CH: Without any air support at all.  Taliban had no air power.

DS: And that’s right, I mean, if I went down what I had--I had the support of the following, drones, 101--105 and 155 millimeter artillery, A-10, F-16, and B-52 bombers, Apache and Kiowa helicopters, a Navy SEALs team for a month, a Green Beret 18 for about four months.  A hundred soldiers with various small arms and mortars of my own, 40 to 60 Afghan National Army soldiers, 30 to 50 Afghan National Police, and 15 to 30 Afghan local police essentially a militia that I helped raise under my command.  They had none of it and they only had an effective mortar for about a month before we destroyed it and they fought us to a standstill.

CH: And yet in all of that time you had no intel--local intelligence, you never found the staging areas or the arms depots of the Taliban units that were attacking you, is that correct?

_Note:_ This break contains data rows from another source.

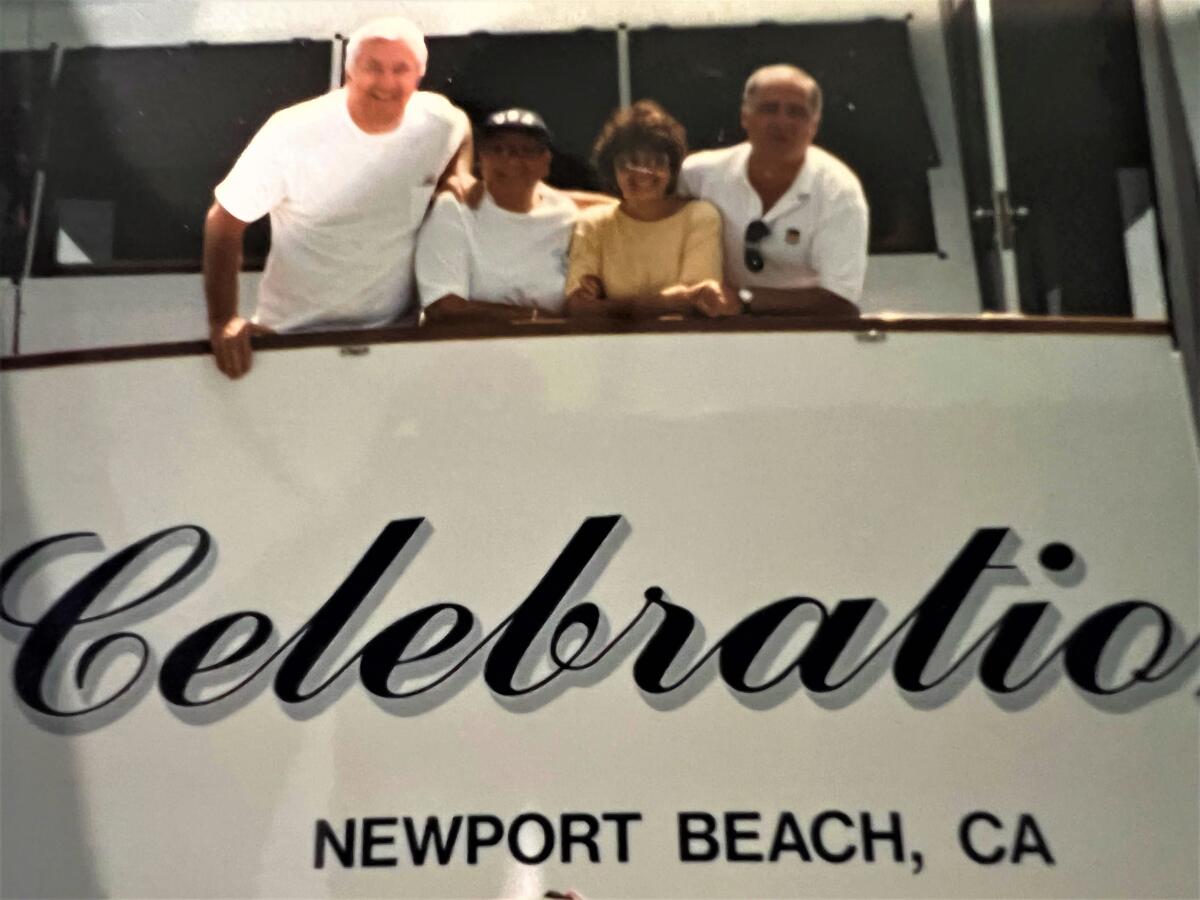 Bob Bennett, from left, with Marjie Bennett, Dolly Rich and Paul Rich in 1989 on the Bennett's 112-foot cruiser, Celebration.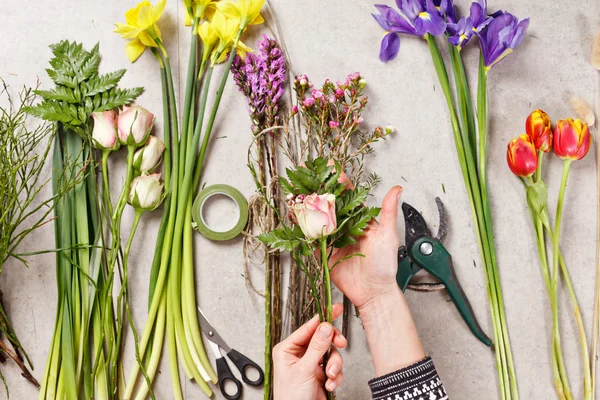 Руки флориста, делающего букет весенних цветов — стоковое фото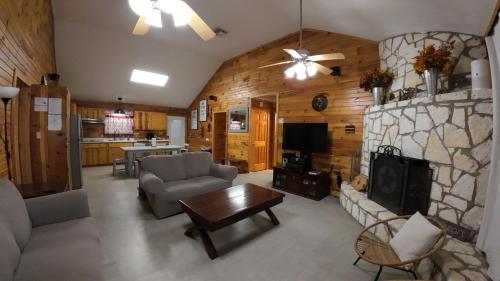a living room with a couch and a stone fireplace at 2 Homes Laurel Canyon and Cherokee Oaks in Concan
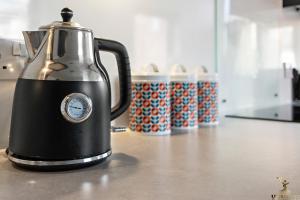 a black and silver tea kettle sitting on a counter at Smythen St, 2 bed apartment with balcony in Exeter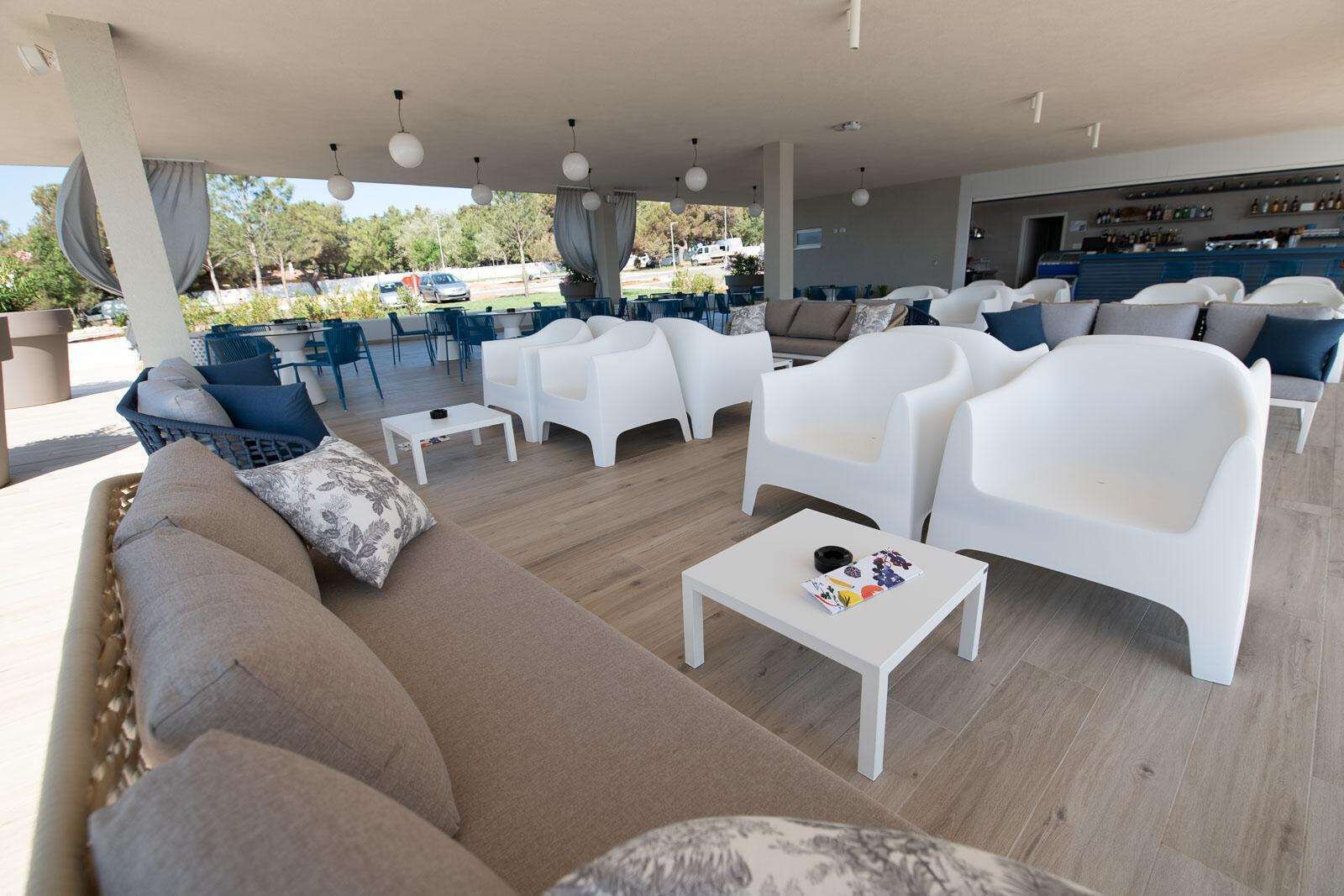 Un vaste espace de détente extérieur, doté de mobilier blanc, d’un plancher en bois et offrant une vue sur le paysage environnant.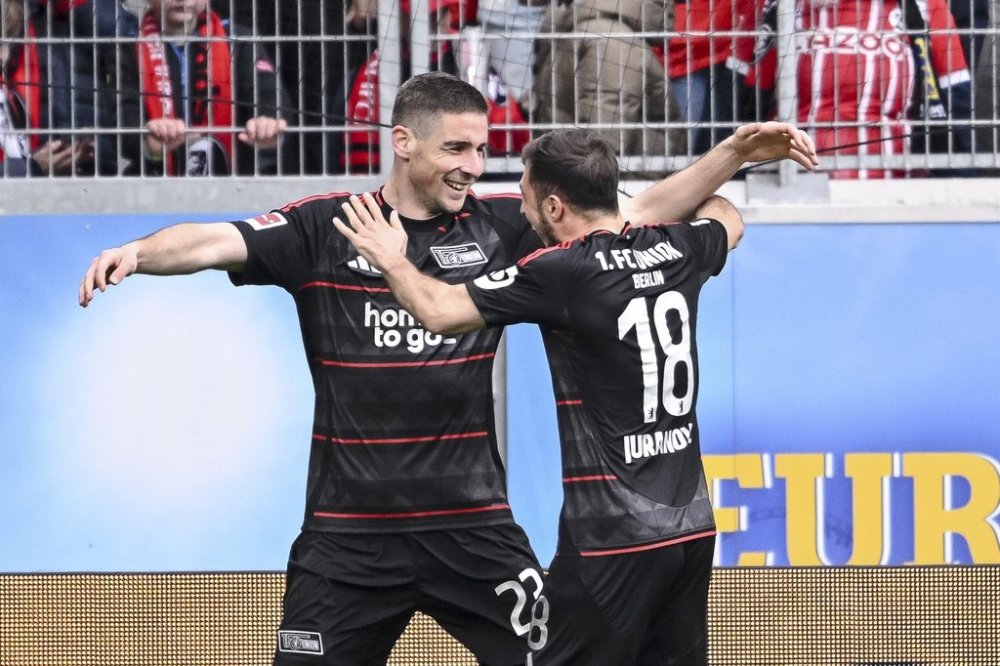 Berlin's Andrej Ilic, left, and Josip Juranovic celebrate after scoring their side's second goal during the German Bundesliga soccer match between SC Freiburg - 1. FC Union Berlin at The Europa-Park Stadion in Freiburg, Germany, Sunday, March 30, 2025. (Harry Langer/dpa via AP)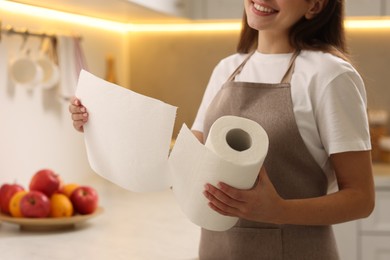 Photo of Woman using paper towels in kitchen, closeup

DS: That’s right.  And if we’re going to have an effective counterinsurgency, you know, and counterinsurgencies are really hard to win with foreign occupation troops, massive conventional forces.  As I’ve said before it kind of drives resistance that builds the Taliban narrative.  But in the cases when counterinsurgency works, when in--when it’s done effectively, whether it’s by a brutal regime or US advisors help, the Green Berets are taught this, they’re specialist in it.  They’ll tell you that it’s--if the--if you’re not getting any of the support from the people, if you’re not getting informants, if people aren’t telling you something about the enemy there’s real limits to what you can do.  Part of the reason that we never initiated attacks is because the locals were really never willing or able, right, out of fear and pressure, to tell us what was going on.  And, I mean, it is instructed that of course over the course of a year not one time did I find a massive Taliban weapons cache or some sort of staging area to destroy them.  And yet if you were to read my evaluation and the evaluation of my unit, they would say that we won the war essentially, it’s the most glowing report of all time and that’s an absurdity.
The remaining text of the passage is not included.